Although computers are typically viewed as a modern invention involving electronics, computing predates the use of electrical devices. The ancient abacus was perhaps the first digital computing device. Analog computing dates back several millennia as primitive computing devices were used as early as the ancient Greeks and Romans, the most known complex of which being the Antikythera mechanism. Later devices such as the castle clock (1206), slide rule (c. 1624) and Babbage’s Difference Engine (1822) are other examples of early mechanical analog computers.
The introduction of electric power in the 19th century led to the rise of electrical and hybrid electro-mechanical devices to carry out both digital (Hollerith punch-card machine) and analog (Bush’s differential analyzer) calculation. Telephone switching came to be based on this technology, which led to the development of machines that we would recognize as early computers.

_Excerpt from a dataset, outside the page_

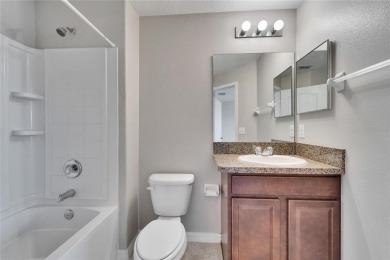 ***HIGHLY MOTIVATED SELLER!!!***THIS COULD BE THE ONE YOU HAVE on Summerfield Crossing Golf Club in Florida - for sale on GolfHomes.com, golf home, golf lot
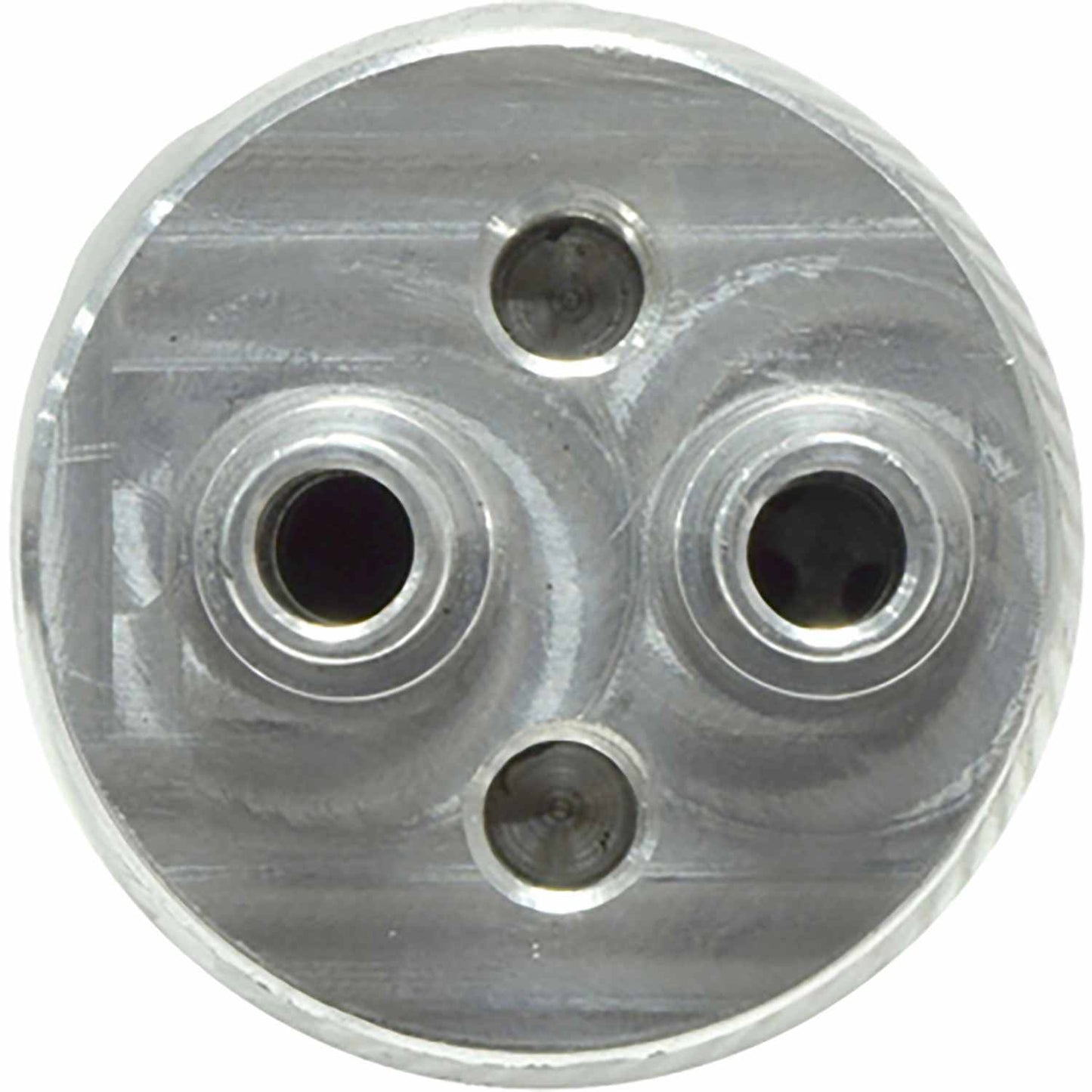 Universal Air Cond RD1951C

The presentation of the Edison Effect in 1885 provided the theoretical background for electronic devices. Originally in the form of vacuum tubes, electronic components were rapidly integrated into electric devices, revolutionizing radio and later television. It was in computers however, where the full impact of electronics was felt. Analog computers used to calculate ballistics were crucial to the outcome of World War II, and the Colossus and the ENIAC, the two earliest electronic digital computers, were developed during the war.
With the invention of solid-state electronics, the transistor and ultimately the integrated circuit, computers would become much smaller and eventually affordable for the average consumer. Today “computers” are present in nearly every aspect of everyday life, from watches to automobiles.